Thursday, November 19, 2009

The real Henry Higgins


Reading this obituary took me back thirty odd years to a lecture theatre in a brutalist concrete building in Leeds. The first year English students were being lectured about accent and dialect by the great Stanley Ellis. He asked one of our number, picked at random, to say a few words. He'd chosen Bob McNally, a lad whose accent to the rest of us was just "Geordie". Stanley had other ideas. After listening for  no more than a few seconds, he identified the precise area within Newcastle where Bob came from, and also suggested that he'd spent some time in his adolescence away from Geordie land, naming, I think, an area in Yorkshire. An astonished Bob confirmed this was the case. We applauded.
Stanley Ellis was a delightful, down to earth man with a passion for the linguistic diversity of this country. Leeds had become a major centre for the study of accent and dialect, thanks to Harold Orton's  Survey of English Dialects, to which Ellis contributed. The arrival of this man, in a caravan, with an unwieldy primitive tape-recorder, must have been startling for the rural communities he visited- especially when he asked the questions. The researchers wanted to avoid planting words in the minds of the subjects, so, if they wanted to elicit the local word for a cowshed, say, they would ask something like "What do you call the building where you keep the animals that go moo?" One can imagine how this might have gone down with the tough farming types who were the typical respondents.
Stanley's party piece could be useful, as the obituary reports:

He came to national prominence when he declared that a tape released by the police in June 1979, purporting to be the voice of the Yorkshire Ripper – then suspected of the murder of 10 women – was by a hoaxer, someone who hailed from Castletown, a small village on the edge of Sunderland, Tyne and Wear – many miles from the scenes of crime. The police disregarded his warning, a decision that may have put their investigation on the wrong track for more than 18 months.

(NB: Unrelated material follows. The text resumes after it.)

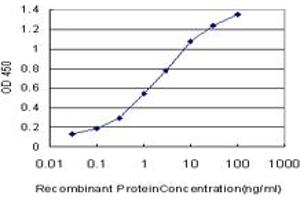 Detection limit for recombinant GST tagged ENSA is approximately 0. (Ensa antibody  (AA 1-121))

Ellis was proved to have been right in 2005, when the hoaxer was identified and shown to have lived all his life within walking distance of the area Ellis had pinpointed.

Another former student wrote to the Guardian, with a similar story to mine - Stanley must have delighted and entertained thousands of students with his ability, born, of course, of intense study.

Tuesday, November 17, 2009

Visitors


Too busy to blog much of late, but thought I would mention a gig by The Visitors. They were at The Studio in Manchester to launch their new CD, and a small but select band were there to see it. They are led by Karl Walsh, a Madchester scene veteran, and play power pop with some interestingly subtle vocal arrangements, mainly as a result of the interplay between Walsh and the other lead singer, Mike Crook.
As the website and video suggests, they've gone for a visual vibe that owes a lot to fifties science fiction, particularly, it seems to me The Day The Earth Stood Still, with Walsh as Klaatu. That's reflected in the song Visitor, which puts them in the select bracket of groups who have written a song with their own name as the title - Living in a Box springs to mind.
At the gig, from which my eardrums have just about now recovered, two weeks later, Karl turned up in silver lycra, but the rest of the band obviously didn't fancy the look, so there was a curious mismatch. From left to right, we had Klaatu, Mike as Steve Harley, and, behind them, er, two blokes who'd turned up from the council to collect your old fridge on bass and drums. Still, the sound, particularly from bassman Paul Petricco was prodigious, and, with a bit of exposure, there's no reason why they shouldn't do well. I'd drop the silver lycra though.